Een eerste delegatie betreft de opdrachten van dagelijks bestuur. De gemeenteraad bepaalt wat onder het begrip "dagelijks bestuur" inzake overheidsopdrachten moet worden verstaan (artikel 41, 8° Decreet over het Lokaal Bestuur). Deze opdrachten van dagelijks bestuur kunnen aan het college van burgemeester en schepenen worden toegewezen en het college kan de plaatsingsprocedure en de voorwaarden van de overheidsopdracht vastleggen. Deze opdrachten van dagelijks bestuur kunnen bij delegatie aan de algemeen directeur worden toegewezen (artikel 57 Decreet over het Lokaal Bestuur).
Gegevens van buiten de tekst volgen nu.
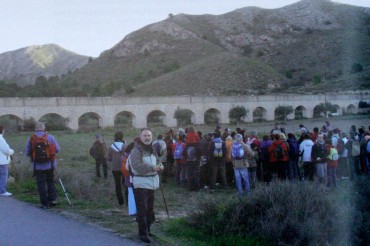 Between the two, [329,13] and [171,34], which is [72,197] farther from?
[329,13]

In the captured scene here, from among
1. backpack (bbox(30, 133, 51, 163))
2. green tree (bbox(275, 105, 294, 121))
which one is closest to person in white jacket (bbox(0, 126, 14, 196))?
backpack (bbox(30, 133, 51, 163))

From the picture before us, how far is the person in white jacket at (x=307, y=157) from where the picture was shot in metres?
12.8

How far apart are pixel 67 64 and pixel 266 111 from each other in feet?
456

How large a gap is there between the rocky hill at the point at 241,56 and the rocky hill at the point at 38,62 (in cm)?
5088

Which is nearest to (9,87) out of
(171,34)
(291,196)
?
(171,34)

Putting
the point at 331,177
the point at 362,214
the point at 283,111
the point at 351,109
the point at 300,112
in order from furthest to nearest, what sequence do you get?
the point at 300,112 → the point at 351,109 → the point at 283,111 → the point at 331,177 → the point at 362,214

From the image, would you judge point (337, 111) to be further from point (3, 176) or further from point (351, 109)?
point (3, 176)

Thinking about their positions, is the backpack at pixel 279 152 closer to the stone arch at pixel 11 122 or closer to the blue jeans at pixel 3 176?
the blue jeans at pixel 3 176

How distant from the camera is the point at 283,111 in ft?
Result: 190

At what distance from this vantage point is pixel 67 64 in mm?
184375

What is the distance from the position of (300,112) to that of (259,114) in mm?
5656

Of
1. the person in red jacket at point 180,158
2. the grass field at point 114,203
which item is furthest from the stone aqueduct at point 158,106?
the person in red jacket at point 180,158

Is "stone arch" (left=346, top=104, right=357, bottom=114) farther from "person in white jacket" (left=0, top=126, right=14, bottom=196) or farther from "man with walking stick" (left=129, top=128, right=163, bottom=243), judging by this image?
"man with walking stick" (left=129, top=128, right=163, bottom=243)

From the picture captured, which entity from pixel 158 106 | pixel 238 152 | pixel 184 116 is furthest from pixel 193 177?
pixel 184 116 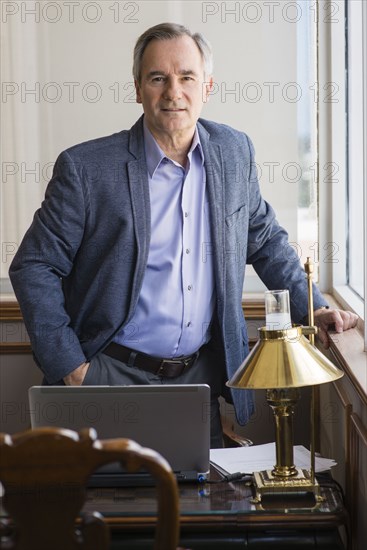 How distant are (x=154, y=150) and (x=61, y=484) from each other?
5.23 ft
Een tweede delegatie betreft de opdrachten die nominatief aan het college van burgemeester en schepenen worden toevertrouwd. In dat geval is het college van burgemeester en schepenen bevoegd om de plaatsingsprocedure en de voorwaarden van de overheidsopdracht vast te leggen.
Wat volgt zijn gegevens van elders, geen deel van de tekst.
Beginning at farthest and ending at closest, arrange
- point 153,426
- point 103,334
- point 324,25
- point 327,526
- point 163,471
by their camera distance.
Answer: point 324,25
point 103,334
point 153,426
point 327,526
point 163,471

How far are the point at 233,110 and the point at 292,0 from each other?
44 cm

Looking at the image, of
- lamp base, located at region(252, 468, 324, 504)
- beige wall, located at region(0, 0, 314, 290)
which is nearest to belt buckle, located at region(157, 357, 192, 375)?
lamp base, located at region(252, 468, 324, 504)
Het college van burgemeester en schepenen

Het college van burgemeester en schepenen blijft bevoegd voor het eigenlijke voeren van de plaatsingsprocedure, de gunning en de uitvoering van overheidsopdrachten (artikel 56, §3, 4° Decreet over het Lokaal Bestuur).
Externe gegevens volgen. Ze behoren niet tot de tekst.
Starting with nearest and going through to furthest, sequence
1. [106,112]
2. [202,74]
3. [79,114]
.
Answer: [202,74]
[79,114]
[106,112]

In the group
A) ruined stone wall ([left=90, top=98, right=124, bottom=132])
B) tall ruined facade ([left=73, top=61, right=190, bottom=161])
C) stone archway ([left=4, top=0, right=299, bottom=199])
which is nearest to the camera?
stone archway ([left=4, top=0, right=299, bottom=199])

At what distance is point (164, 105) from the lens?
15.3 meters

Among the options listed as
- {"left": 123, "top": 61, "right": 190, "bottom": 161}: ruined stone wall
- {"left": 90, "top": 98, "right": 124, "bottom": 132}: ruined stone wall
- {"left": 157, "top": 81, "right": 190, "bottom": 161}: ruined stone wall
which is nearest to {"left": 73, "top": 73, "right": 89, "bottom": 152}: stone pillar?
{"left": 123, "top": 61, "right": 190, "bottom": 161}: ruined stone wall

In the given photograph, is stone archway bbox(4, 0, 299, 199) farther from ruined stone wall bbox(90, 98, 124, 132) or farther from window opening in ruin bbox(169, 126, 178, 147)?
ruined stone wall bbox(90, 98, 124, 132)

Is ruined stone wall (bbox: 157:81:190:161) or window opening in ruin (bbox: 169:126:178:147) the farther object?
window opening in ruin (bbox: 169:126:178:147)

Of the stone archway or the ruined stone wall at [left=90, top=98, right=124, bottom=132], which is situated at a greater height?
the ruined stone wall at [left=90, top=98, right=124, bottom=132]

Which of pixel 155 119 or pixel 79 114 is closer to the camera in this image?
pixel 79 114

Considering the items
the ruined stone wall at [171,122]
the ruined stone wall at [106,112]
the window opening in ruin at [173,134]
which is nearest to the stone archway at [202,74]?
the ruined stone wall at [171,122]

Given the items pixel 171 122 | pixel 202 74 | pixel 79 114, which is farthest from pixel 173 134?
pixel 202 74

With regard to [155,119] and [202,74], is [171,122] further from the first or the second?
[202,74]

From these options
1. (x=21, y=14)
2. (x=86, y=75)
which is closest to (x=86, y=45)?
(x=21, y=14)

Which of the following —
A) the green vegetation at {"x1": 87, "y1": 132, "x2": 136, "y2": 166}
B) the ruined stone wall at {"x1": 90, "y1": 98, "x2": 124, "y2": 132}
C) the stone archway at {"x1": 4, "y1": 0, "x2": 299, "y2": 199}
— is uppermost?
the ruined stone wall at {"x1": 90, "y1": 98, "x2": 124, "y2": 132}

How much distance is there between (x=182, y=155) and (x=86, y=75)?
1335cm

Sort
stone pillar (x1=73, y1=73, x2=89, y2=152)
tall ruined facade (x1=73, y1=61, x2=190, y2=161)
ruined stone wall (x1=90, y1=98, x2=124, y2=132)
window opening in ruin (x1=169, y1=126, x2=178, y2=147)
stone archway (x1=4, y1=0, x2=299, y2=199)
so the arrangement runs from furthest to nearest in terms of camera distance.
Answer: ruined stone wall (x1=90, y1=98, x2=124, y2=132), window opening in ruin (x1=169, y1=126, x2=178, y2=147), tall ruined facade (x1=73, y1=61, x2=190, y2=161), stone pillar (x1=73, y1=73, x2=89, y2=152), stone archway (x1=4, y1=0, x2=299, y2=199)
Inzake opdrachten van dagelijks bestuur is ook het college van burgemeester en schepenen bevoegd voor de vaststelling van de plaatsingsprocedure en de voorwaarden van de overheidsopdracht (artikel 56, §3, 5° Decreet over het Lokaal Bestuur).

De gemeenteraad bepaalt wat onder opdrachten voor dagelijks bestuur moet worden verstaan (artikel 41, 8° Decreet over het Lokaal Bestuur). Het college van burgemeester en schepenen kan deze bevoegdheid ook aan de algemeen directeur toevertrouwen (artikel 57, tweede lid Decreet over het Lokaal Bestuur). Het college van burgemeester en schepenen kan bij de delegatie van een bepaalde bevoegdheid bepalen dat de algemeen directeur de uitoefening van die gedelegeerde bevoegdheid kan toevertrouwen aan andere personeelsleden van de gemeente (artikel 57, derde lid Decreet over het Lokaal Bestuur).

Het college van burgemeester en schepenen is ook bevoegd:

  • voor de vaststelling van de plaatsingsprocedure en de voorwaarden van de overheidsopdracht die aan het college van burgemeester en schepenen werd toevertrouwd (artikel 56, §3, 6° Decreet over het Lokaal Bestuur).
  • om beslissingen te nemen op eigen initiatief in gevallen van dwingende en onvoorziene omstandigheden (art. 56, §4 Decreet over het Lokaal Bestuur).

De algemeen directeur

Het college van burgemeester en schepenen kan aan de algemeen directeur de bevoegdheid geven om sommige aspecten van overheidsopdrachten uit te voeren.

  • het voeren van een plaatsingsprocedure, de gunning en de uitvoering van overheidsopdrachten (art. 56, §3, 4°), de vaststelling van de plaatsingsprocedure en de voorwaarden van overheidsopdrachten die betrekking hebben op opdrachten van dagelijks bestuur (art. 56, §3, 5°)
  • de vaststelling van de plaatsingsprocedure en de voorwaarden van overheidsopdrachten als de opdracht nominatief aan het college van burgemeester en schepenen werden toevertrouwd (art. 56, §3, 6°).

De algemeen directeur kan deze opdrachten toevertrouwen aan andere personeelsleden van de gemeente (art. 57 Decreet over het Lokaal Bestuur).